_Problem to solve_
Return the records below in full. Keep every word exact and skip the images.

[Entries taken from a collection]

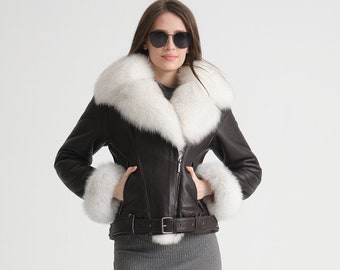 Jaqueta feminina preta shearling com pele de raposa branca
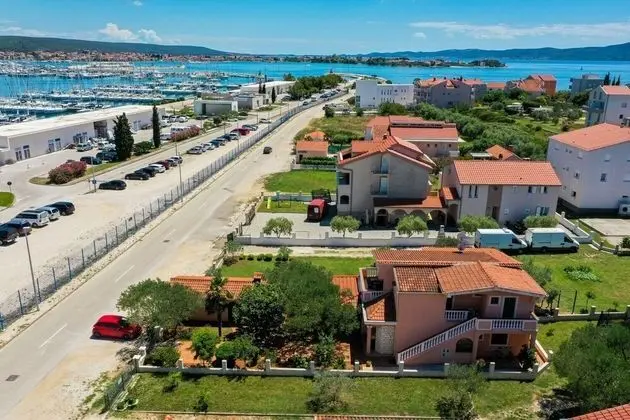 Apart Daire (Vesna - 200 m from beach - A1(2+1))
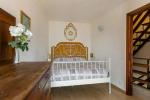 das Schlafzimmer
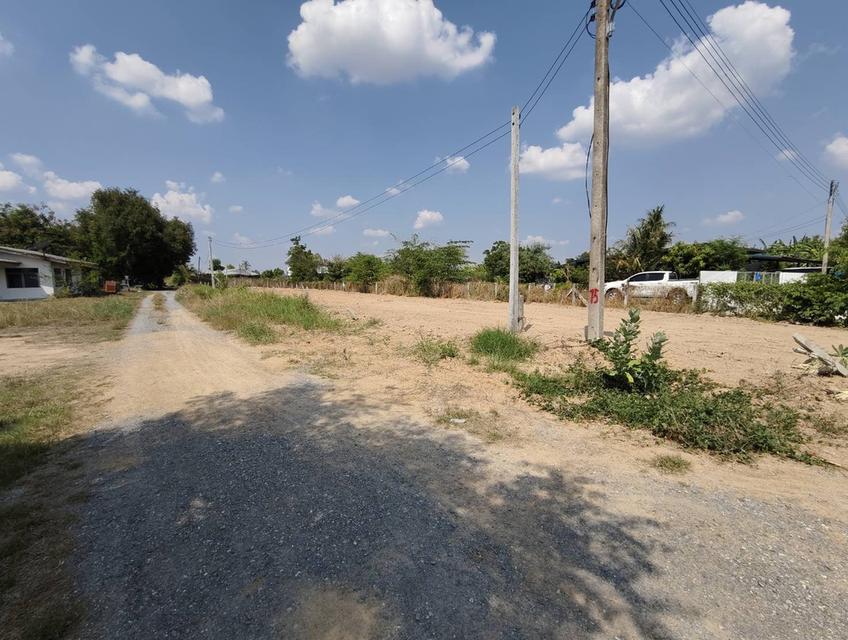 ที่ดินและบ้านพักอาศัย 6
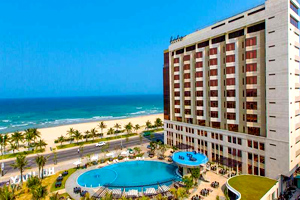 Holiday Beach Đà Nẵng Hotel & Resort - Đà Nẵng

_Final answer_
 Jaqueta feminina preta shearling com pele de raposa branca
 Apart Daire (Vesna - 200 m from beach - A1(2+1))
 das Schlafzimmer
 ที่ดินและบ้านพักอาศัย 6
 Holiday Beach Đà Nẵng Hotel & Resort - Đà Nẵng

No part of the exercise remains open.